All right – I was listening to journalist James Bamford on Democracy Now! talk about his new book on the NSA, The Shadow Factory, and it has really made me angry. Part of what is so irritating about this is that it isn’t even considered significant news – that people have become so inured to the notion of a government tapping their phones, reading their email, transcribing their private conversations, and archiving them for whatever future use they may want to put them to. For chrissake, these fuckers in the Bush White House directed the NSA to work with companies like AT&T and Verizon – companies that profit from our business – to sift through our correspondence without any limits, to the point where staffers at the NSA were actually passing around recordings of intimate phone calls between members of our military deployed in Iraq and Afghanistan and their spouses and partners back home. Hey, Charlie – get a load of this one! What the fuck.

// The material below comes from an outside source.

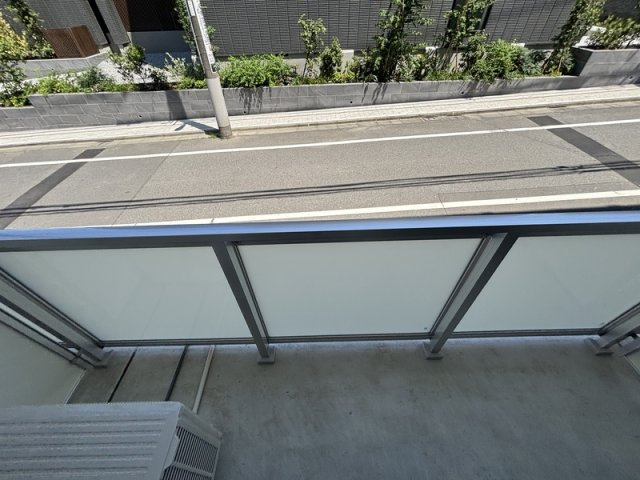 リブリ・ルービ館のバルコニー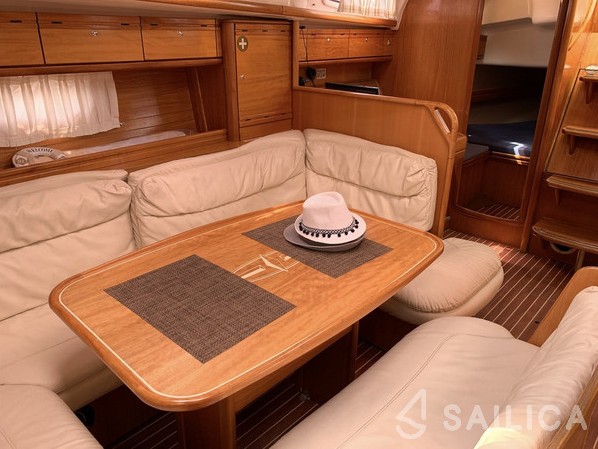 Bavaria 39 Cruiser - Yacht Charter Sailica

But it’s far worse than just an invasion of privacy. In accord with typical Fortune 500 practice, the telecom “giants” outsourced the actual data collection and analysis to foreign-connected firms, including two companies named Narus and Verint, both founded in Israel. Verint can boast of a founder and former CEO who is currently on the lamb in Namibia to avoid prosecution for felony charges of fraud and other violations. Both companies have extensive relationships with intelligence services in anti-democratic and repressive regimes the world over. Bamford also tells of the NSA’s pre-9/11 fuck-ups, including not informing the FBI that two Al Qaeda 9/11 hijackers under surveillance by the NSA were living in Los Angeles and, later, within spitting distance of the NSA headquarters in Laurel, Maryland. (The hijackers even frequented the same restaurants and Gold’s Gym as NSA staffers.) Even more bone-chilling for me was his description of how NSA analysts in Georgia determine targets in Iraq and Afghanistan – i.e. houses to bomb or invade – based on sloppy translations of communications intercepts and often reckless assumptions about what is being said. So people are killed, wounded, and incarcerated on the basis of snap decisions made in a building thousands of miles away.
This obsession with all-encompassing surveillance and an expansion of our ability to project deadly force anywhere on the globe with the casual push of a button – it is all intimately intertwined. This has been the project of the U.S. government for at least the last decade, probably longer. It involves a massive investment in the technology of death – sophisticated unmanned drones, orbital launch platforms, etc., all capable of reaching any point on the planet nearly instantaneously whenever our interests are threatened, in a manner so easy and safe that even Cheney could do it. Those “interests,” by the way, include economic considerations, obstruction of trade, disruption of shipping or energy supplies, and so on. So this is the 21st Century equivalent of gunboat diplomacy, executed with a simplicity once seen only in television dramas. “Find the enemy. Kill the enemy.” In what is often called the most important election of our lifetimes, I have yet to hear this issue addressed by the major party candidates. What will either of them do about this steady movement toward the establishment of a global police state for that less-fortunate 70% of humanity?
Kind of seems like the answer is “nothing”. That’s why we need to push a little harder on this.